No matter what the future of author sites turns out to be, however, this much is clear: It’s not enough anymore for writers simply to write books. They need a presence on the Web.
And if it makes a squeamish, publicity-shy author feel like a snake-oil salesman traveling the countryside in a big wagon with his name plastered on the side — well, he can blush all the way to the bank.
“All authors want a Web site now,” said Greg Durham, director of online publishing for Random House. “I got more requests from authors in 2000 than ever before. It’s really ramped up.”
Publishing houses, of course, hope their role won’t be eliminated. That’s why they work with authors to set up sites and explore other ways to link the Internet with the traditional publishing process.
Like books themselves, author sites vary wildly in quality and comprehensiveness. Stephen King, who has published his own e-books and is obviously energized by the potential of the Internet, keeps his site (www.stephenking.com) percolating with fresh material. It includes links to categories such as “the rumors,” “the answers,” “the man,” “the past,” “the future” and “the now.” On anybody else’s site, that might look like silly chest-thumping; but from King, it’s somehow quirky and charming. The author also includes articles written about his work and his responses.
At the other end of the creativity spectrum are sites such as Scott Turow’s (www.scottturow.com). The Chicago author, famous for his best-selling legal thrillers, offers the equivalent of a flier stuck under your windshield wiper when you’re parked at the mall: It’s visually dull, with a few tepid links to a Turow biography and a list of his appearances. The main art is a picture of a book jacket.
And then there are what might be called the megalomania sites, the ones that sound as if they were written by the author’s proud mother: They feature fawning life stories; self-indulgent Q-and-A’s that plumb the tedious depths of the author’s adventures and copious references to those wonderful books.

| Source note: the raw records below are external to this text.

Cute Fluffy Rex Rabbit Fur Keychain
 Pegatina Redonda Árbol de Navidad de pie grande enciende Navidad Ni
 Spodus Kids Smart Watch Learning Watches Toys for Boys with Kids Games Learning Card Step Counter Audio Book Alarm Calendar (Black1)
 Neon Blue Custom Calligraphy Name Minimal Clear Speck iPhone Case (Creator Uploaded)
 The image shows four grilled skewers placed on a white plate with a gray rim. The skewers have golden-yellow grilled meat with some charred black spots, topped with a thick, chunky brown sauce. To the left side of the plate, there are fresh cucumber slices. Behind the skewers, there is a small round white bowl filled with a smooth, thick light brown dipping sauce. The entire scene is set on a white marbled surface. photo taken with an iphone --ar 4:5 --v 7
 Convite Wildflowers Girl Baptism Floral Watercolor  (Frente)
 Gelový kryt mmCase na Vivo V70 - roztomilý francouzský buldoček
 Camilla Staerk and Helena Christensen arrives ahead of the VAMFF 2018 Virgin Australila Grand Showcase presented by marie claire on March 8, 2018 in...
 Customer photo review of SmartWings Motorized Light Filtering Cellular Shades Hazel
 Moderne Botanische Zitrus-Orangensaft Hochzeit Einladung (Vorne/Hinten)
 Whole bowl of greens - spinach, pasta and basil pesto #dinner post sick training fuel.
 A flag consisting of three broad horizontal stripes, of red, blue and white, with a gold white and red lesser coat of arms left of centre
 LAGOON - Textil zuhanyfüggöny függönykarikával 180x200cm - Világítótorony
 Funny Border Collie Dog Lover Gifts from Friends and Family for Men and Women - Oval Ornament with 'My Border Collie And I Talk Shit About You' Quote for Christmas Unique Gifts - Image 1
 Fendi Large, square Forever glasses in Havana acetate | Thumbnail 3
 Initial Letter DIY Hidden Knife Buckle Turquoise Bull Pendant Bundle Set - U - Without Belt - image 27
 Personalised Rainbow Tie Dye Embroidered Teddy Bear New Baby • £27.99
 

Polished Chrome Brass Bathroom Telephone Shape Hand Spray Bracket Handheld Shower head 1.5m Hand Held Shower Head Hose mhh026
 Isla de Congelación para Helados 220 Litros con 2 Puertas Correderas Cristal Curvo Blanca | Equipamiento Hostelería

Queen of this genre of author site must be mystery writer Patricia Cornwell, whose site (www.patriciacornwell.com) is a study in virtual swaggering. Dean Koontz (www.deankoontz.com) and Barbara Delinsky (www.barbaradelinsky.com), however, aren’t far behind.
A Chicago company is betting that author Web sites are the key to the future of publishing. Susan Bergman, co-founder and chief executive officer of Previewport.com, said the sites help create “a dynamic literary community on the Internet.”
Launched last June, Previewport.com builds and hosts sites for authors, and compiles a national literary calendar and international directory of writers. More than 100 authors have already signed with the company to create and maintain their sites (for a $49.95 monthly fee), including Michael Ondaatje, Sara Paretsky, Tim O’Brien, Rita Dove, Steve Martin, Amy Bloom, Rosellen Brown, Maxine Hong Kingston, Mary Gordon, Robert Bly and Jonathan Kozol.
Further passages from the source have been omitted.